Petitioner also claims exculpatory evidence was available, but not turned over to him or trial counsel. In support of this, he cites “the report of the interview with Kenny Williams and the information still retained by Sheriff Grimes.” Brief at 22-23. Petitioner does not cite to the record or supplemental materials where this information is contained. He provides no other examples. Accordingly, he has waived this portion of his claim for review. See Rules of the Court of Criminal Appeals, Rule 9.7(A)(3)(g), 22 O.S.Supp.1996, Ch. 18 App.2
Accordingly, this proposition is likewise waived.
For his third proposition, Petitioner again claims trial counsel was ineffective, this time for failing to investigate his death wish and to counsel him against desiring the death penalty. This, too, is waived, as it could have been presented on a direct appeal. 22 O.S.Supp.1995, § 1089(C).
For his fourth proposition, Petitioner claims he was deprived of an expert psychiatrist to which he was entitled under Ake v. Oklahoma, 470 U.S. 68, 105 S.Ct. 1087, 84 L.Ed.2d 53 (1985). He admits this claim has not been raised before. As a consequence, it is waived, as it could have been presented on a direct appeal. 22 O.S.Supp.1995, § 1089(C).
Further, we are confused by Petitioner's seemingly contradictory argument. At one point he cites to a transcript made before judgment and sentence was passed as support for his claim that an Ake request was made, while at the same time admitting the language in the record to which he cites as authority was “less than ideal.” 3 He then alleges the claim “relies on extra-record evidence,” brief at 29, while not telling this Court what that evidence is. He therefore has failed to adequately show this Court that such a request was even made under Ake. See Rules of the Court of Criminal Appeals, Rule 9.7(A)(3)(g), 22 O.S.Supp.1996, Ch. 18 App.
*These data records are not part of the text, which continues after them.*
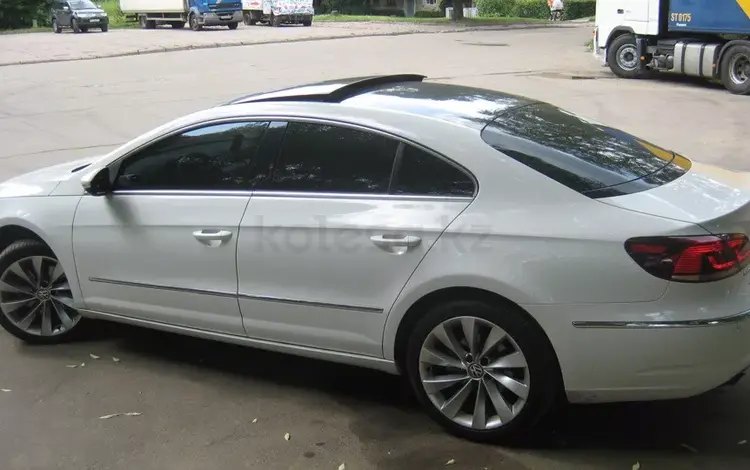 VW Passat b6, b7, CC RED в Алматы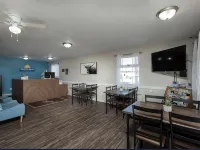 Days Inn by Wyndham Wheatland Hotels in Wheatland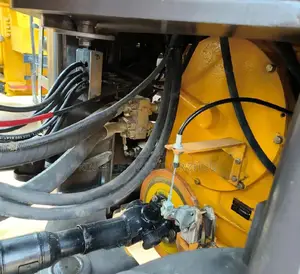 Ready to Order Used SDLG Loader for Sale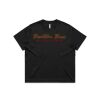 4030 Women's Box Tee Thumbnail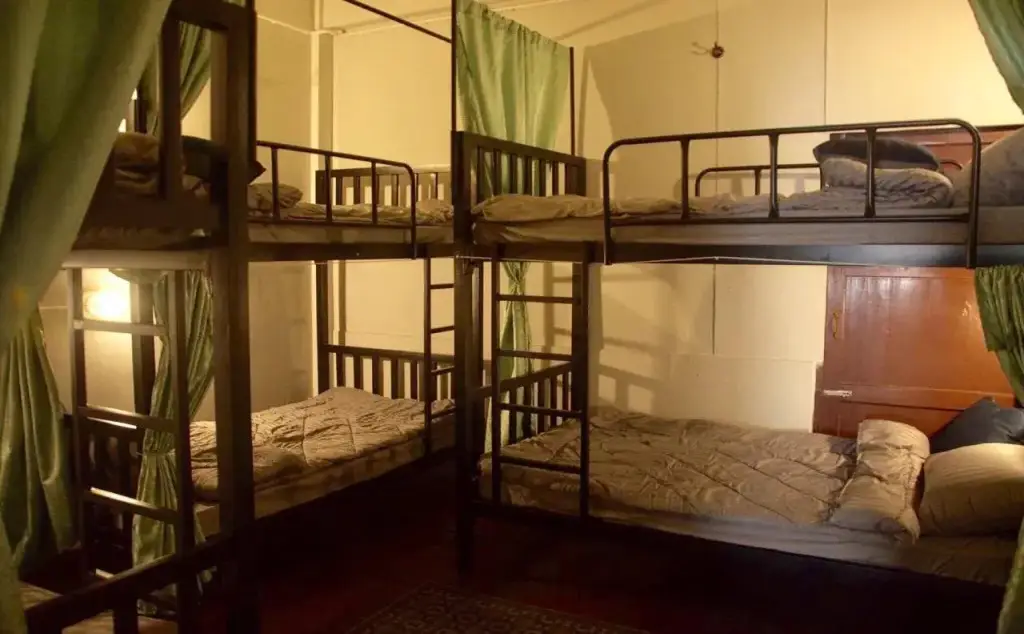 Smart Hostel — фото 1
This proposition is likewise waived.
For his fifth proposition of error, Petitioner alleges he was determined to be competent under an unconstitutional standard. This Court addressed this proposition of error in Petitioner's mandatory sentence review, finding it invalid under Cooper v. State, 889 P.2d 293 (Okl.Cr.1995). The Supreme Court of the United States reversed that case, holding a due process violation occurred when an appellant was required to prove by clear and convincing evidence he was not competent to stand trial. Cooper v. Oklahoma, 517 U.S. 348, 116 S.Ct. 1373, 134 L.Ed.2d 498 (1996).
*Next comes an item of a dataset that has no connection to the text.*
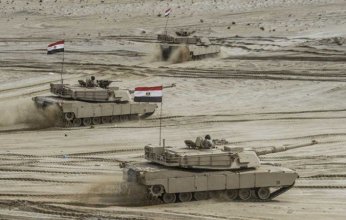 الولايات المتحدة توافق على صفقة أسلحة ضخمة مع مصر بقيمة 5 مليارات دولار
Again, we find we cannot address this proposition. Subsection (C)(1) of Section 1089 specifically states the only issues which can be raised on post-conviction relief are those which were not and could not have been raised on direct appeal. Petitioner raised this claim on direct appeal; accordingly, it is res judicata, and we cannot address it again.4
In his sixth proposition of error, Petitioner claims the trial court lacked subject matter jurisdiction to convict and sentence him. He alleges, correctly, that both crimes charged were committed very near the Arkansas-Oklahoma state line; he also alleges, correctly, that even though not raised on direct appeal, issues of subject matter jurisdiction are never waived and can therefore be raised on a collateral appeal. Johnson v. State, 611 P.2d 1137, 1145 (Okl.Cr.1980), cert. denied, 449 U.S. 1132, 101 S.Ct. 955, 67 L.Ed.2d 120 (1981). He now alleges the crimes occurred in Arkansas, claiming (1) the border location is disputed by local officials and surveyors; (2) authorities from both states responded to the crime scene; (3) the body in at least one case was dragged away from the Arkansas side of the border; (4) the bodies were very near the border; and (5) the police determination that the crimes were committed in Oklahoma was apparently based upon where the bodies were found, not where the fatal wounds were inflicted. Petitioner requests additional discovery, after which he expects to establish that one or both of these homicides occurred in Arkansas. Based on the record provided by Petitioner's counsel, we disagree.
We initially note the absence of cases dealing with this subject. We have been unable to find any cases dealing with which state should exercise sovereignty over a homicide committed in an area where the boundary between states is in question. This Court has never dealt with the issue directly. However, in Howe v. State, 669 P.2d 780, 782 (Okl.Cr.1983), we addressed the issue raised when the location of the murder itself was questioned. In that case, the appellant was convicted of murder in Cleveland County, Oklahoma. The victim was last seen alive leaving a lounge in Dallas, Texas, in the early morning hours of June 18, 1981. The body was found in an Oklahoma City field June 19. The appellant was apprehended in Tulsa June 25, driving the victim's automobile. Evidence in the car linked it to the homicide. Appellant, a former employee of the Texas lounge owned by the victim, was fired by the victim several months before the homicide. Two witnesses testified they had heard the appellant threaten the victim's life; another testified that on the day he was fired, the appellant assaulted the victim. On appeal, the appellant contended the evidence was insufficient to establish that jurisdiction of the offense rested in an Oklahoma court. This Court cited 22 O.S.1981, § 121, which places jurisdiction in the state wherein the offense is consummated. We held that “as there was competent, albeit circumstantial, evidence from which the jury could conclude that the offense charged was consummated in Oklahoma, we will not, on appeal, interfere with the verdict,” citing to Renfro v. State, 607 P.2d 703 (Okl.Cr.1980).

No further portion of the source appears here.